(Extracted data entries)
*** Block opens ***

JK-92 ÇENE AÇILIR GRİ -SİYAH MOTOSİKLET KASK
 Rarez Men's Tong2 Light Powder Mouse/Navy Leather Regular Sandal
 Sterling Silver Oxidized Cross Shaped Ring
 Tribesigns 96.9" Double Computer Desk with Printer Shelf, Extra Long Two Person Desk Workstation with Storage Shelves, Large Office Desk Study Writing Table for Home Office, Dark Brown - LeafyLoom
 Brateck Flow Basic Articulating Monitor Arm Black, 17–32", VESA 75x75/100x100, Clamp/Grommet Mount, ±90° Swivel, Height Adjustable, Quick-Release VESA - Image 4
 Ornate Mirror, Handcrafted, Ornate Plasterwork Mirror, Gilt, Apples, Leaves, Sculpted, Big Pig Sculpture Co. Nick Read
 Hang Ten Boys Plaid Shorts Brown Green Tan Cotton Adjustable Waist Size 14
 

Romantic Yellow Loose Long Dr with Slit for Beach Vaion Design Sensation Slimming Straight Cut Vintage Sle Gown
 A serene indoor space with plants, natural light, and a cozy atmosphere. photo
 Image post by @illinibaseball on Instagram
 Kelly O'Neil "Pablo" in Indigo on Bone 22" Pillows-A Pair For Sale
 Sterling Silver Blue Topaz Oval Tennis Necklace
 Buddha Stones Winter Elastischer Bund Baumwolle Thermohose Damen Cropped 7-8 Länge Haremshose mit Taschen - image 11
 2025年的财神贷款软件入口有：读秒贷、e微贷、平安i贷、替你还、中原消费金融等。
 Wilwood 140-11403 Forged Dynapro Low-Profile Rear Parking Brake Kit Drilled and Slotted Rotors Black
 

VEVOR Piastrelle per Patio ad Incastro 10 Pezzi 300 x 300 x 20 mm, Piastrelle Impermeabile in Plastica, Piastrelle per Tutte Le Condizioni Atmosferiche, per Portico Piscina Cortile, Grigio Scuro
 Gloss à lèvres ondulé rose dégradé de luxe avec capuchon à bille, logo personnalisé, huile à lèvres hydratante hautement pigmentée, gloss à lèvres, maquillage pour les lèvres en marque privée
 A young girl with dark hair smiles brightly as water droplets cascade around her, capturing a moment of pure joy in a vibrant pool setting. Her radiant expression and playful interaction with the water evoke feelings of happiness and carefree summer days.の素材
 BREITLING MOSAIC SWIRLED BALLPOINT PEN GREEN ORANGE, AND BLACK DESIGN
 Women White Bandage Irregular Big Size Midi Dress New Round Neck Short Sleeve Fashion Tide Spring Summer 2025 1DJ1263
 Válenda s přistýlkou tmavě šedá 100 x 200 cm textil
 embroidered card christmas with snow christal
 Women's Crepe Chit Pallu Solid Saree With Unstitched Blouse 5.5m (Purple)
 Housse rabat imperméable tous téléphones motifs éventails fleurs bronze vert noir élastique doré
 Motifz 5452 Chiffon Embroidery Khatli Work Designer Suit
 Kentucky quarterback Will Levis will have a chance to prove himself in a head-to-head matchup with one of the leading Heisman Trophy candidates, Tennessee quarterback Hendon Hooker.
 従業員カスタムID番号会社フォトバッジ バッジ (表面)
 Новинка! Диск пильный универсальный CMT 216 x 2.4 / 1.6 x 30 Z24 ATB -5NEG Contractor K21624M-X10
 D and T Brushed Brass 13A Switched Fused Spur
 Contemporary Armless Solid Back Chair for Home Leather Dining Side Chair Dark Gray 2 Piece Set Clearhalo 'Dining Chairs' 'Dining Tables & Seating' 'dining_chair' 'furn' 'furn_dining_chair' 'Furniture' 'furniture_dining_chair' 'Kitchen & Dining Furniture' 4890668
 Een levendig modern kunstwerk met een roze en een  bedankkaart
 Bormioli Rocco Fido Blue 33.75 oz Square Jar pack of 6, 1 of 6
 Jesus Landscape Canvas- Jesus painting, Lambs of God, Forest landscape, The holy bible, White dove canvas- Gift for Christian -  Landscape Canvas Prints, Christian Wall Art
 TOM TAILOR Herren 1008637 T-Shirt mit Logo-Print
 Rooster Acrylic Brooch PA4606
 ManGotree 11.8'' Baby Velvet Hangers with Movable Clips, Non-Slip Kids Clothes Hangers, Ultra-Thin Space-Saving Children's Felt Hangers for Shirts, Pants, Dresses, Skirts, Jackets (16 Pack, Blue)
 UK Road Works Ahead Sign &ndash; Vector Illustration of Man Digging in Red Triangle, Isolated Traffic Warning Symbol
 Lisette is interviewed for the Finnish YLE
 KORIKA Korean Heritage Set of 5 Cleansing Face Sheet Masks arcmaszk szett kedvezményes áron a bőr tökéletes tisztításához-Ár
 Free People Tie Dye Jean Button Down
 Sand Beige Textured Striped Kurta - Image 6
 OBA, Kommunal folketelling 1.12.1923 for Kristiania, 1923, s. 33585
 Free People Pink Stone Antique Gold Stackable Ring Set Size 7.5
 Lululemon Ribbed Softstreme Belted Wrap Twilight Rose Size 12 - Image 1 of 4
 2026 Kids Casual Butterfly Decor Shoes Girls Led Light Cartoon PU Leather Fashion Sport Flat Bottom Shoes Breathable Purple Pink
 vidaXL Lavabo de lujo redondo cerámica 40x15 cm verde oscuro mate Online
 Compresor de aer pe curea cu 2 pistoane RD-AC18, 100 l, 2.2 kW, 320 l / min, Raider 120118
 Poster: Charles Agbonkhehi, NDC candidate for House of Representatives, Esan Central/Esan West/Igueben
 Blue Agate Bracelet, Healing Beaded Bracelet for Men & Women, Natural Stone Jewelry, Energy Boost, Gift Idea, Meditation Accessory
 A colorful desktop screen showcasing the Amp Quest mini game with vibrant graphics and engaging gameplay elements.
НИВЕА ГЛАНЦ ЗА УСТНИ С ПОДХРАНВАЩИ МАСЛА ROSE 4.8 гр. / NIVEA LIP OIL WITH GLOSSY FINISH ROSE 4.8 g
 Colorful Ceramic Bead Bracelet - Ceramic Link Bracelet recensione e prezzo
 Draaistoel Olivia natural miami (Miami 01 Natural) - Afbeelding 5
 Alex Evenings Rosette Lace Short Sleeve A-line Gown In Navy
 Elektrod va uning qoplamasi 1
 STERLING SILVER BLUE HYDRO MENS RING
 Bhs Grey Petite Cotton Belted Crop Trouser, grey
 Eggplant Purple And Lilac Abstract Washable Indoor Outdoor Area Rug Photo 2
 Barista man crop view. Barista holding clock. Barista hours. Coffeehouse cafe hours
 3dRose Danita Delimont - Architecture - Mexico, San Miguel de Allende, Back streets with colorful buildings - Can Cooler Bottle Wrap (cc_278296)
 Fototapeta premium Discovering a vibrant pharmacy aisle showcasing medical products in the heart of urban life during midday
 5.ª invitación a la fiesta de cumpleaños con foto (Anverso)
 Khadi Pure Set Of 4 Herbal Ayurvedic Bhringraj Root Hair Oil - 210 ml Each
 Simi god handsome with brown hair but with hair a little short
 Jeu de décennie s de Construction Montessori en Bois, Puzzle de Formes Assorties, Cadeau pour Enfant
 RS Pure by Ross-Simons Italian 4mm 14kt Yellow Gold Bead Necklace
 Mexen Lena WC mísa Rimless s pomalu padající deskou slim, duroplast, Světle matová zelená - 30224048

*** Block closes ***

#### [TASK GOAL]
Starting from the line that contains "RS Pure by Ross-Simons", give again every line to the last line of the data, exactly. Include nothing else.

#### [TASK SOLUTION]
 RS Pure by Ross-Simons Italian 4mm 14kt Yellow Gold Bead Necklace
 Mexen Lena WC mísa Rimless s pomalu padající deskou slim, duroplast, Světle matová zelená - 30224048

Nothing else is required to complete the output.